Against this backdrop was the need to reinforce the collective identity to increase Israel’s social solidarity, she says. There was thus a need for an “enemy at the gates” or at least an Other that could help shape a new identity.

“There was no possibility during that period to accept Others,” Rosenberg-Friedman says. “They were needed to draw the boundaries of national identity.
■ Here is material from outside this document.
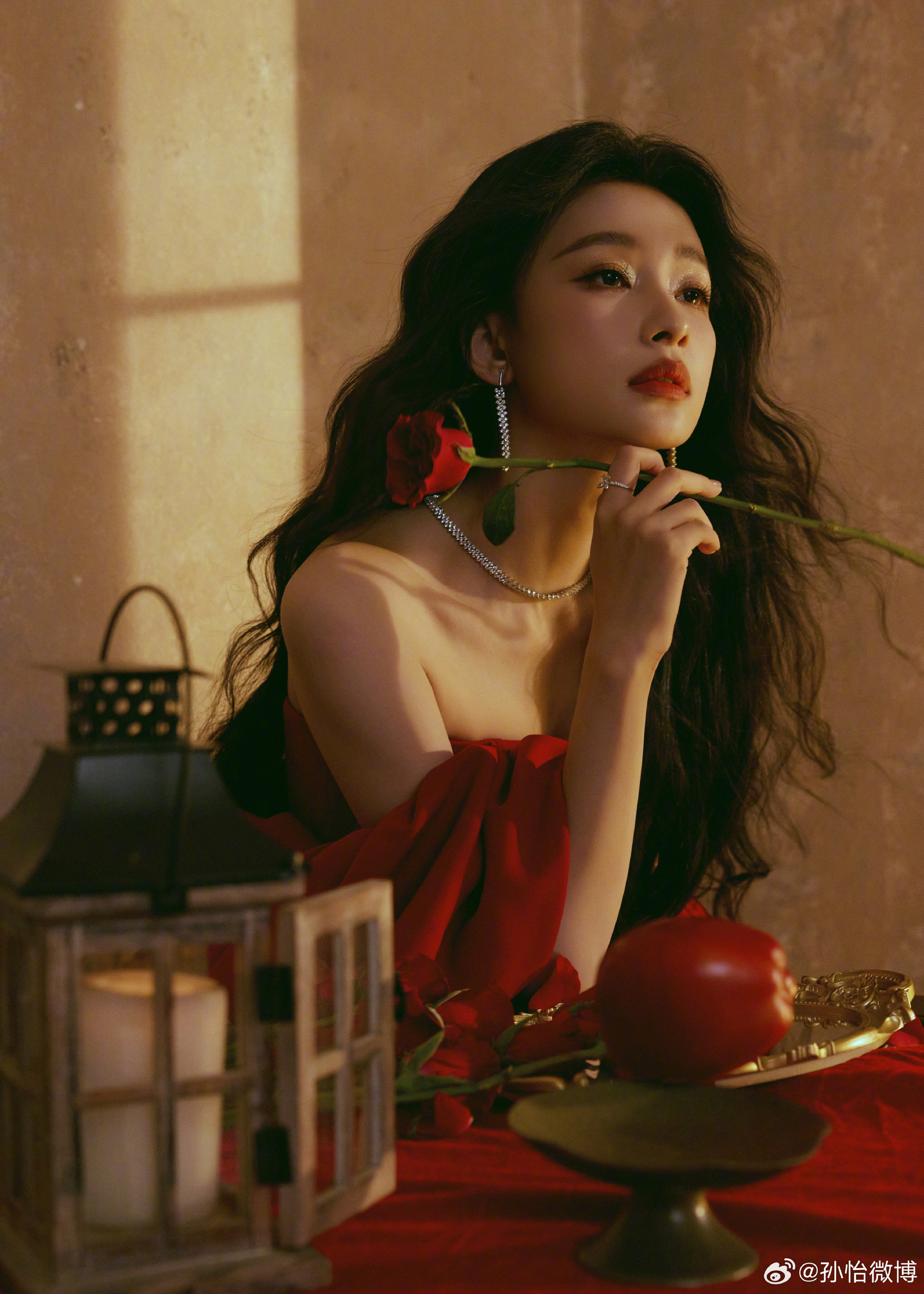 孙怡玫瑰红裙孙怡红玫瑰 明媚迷人的红玫瑰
Israeli society, which was in a struggle for survival, wasn’t available practically, psychologically and emotionally to create an appropriate relationship with the Other.”

Still, most of the non-Jewish women “were fully integrated into the Israeli reality and eagerly accepted its customs, like Ruth the Moabite,” a Davar op-ed put it, despite its sinister title: “The Aryan Side of Israel.”

There were even instances when the newcomers’ integration was portrayed as idyllic. “In most cases, the non-Jewish woman in Israel is a better Jew, a better Zionist, a better citizen than her Jewish husband,” according to one Davar writer. These descriptions stressed that unlike the husband who was born into the faith, the non-Jewish wife made a conscious decision to join the Jewish nation.

And even today, 70 years after the Law of Return was passed, the topic makes headlines.

Rosenberg-Friedman mentions two famous mixed couples today. The first is a non-Jewish woman with a Jewish man, the Israeli news anchor Lucy Aharish and the Israeli actor Tsahi Halevi. The second  features a Jewish woman, the Israeli singer Daniella Pick, and her Catholic-born American husband, Quentin Tarantino.

In the first case, in which the “future mother” is Muslim, even in the 21st century many people warned about the alleged danger to Jewish identity. In the second case, where the mother is Jewish, “there’s no threat,” as Rosenberg-Friedman says.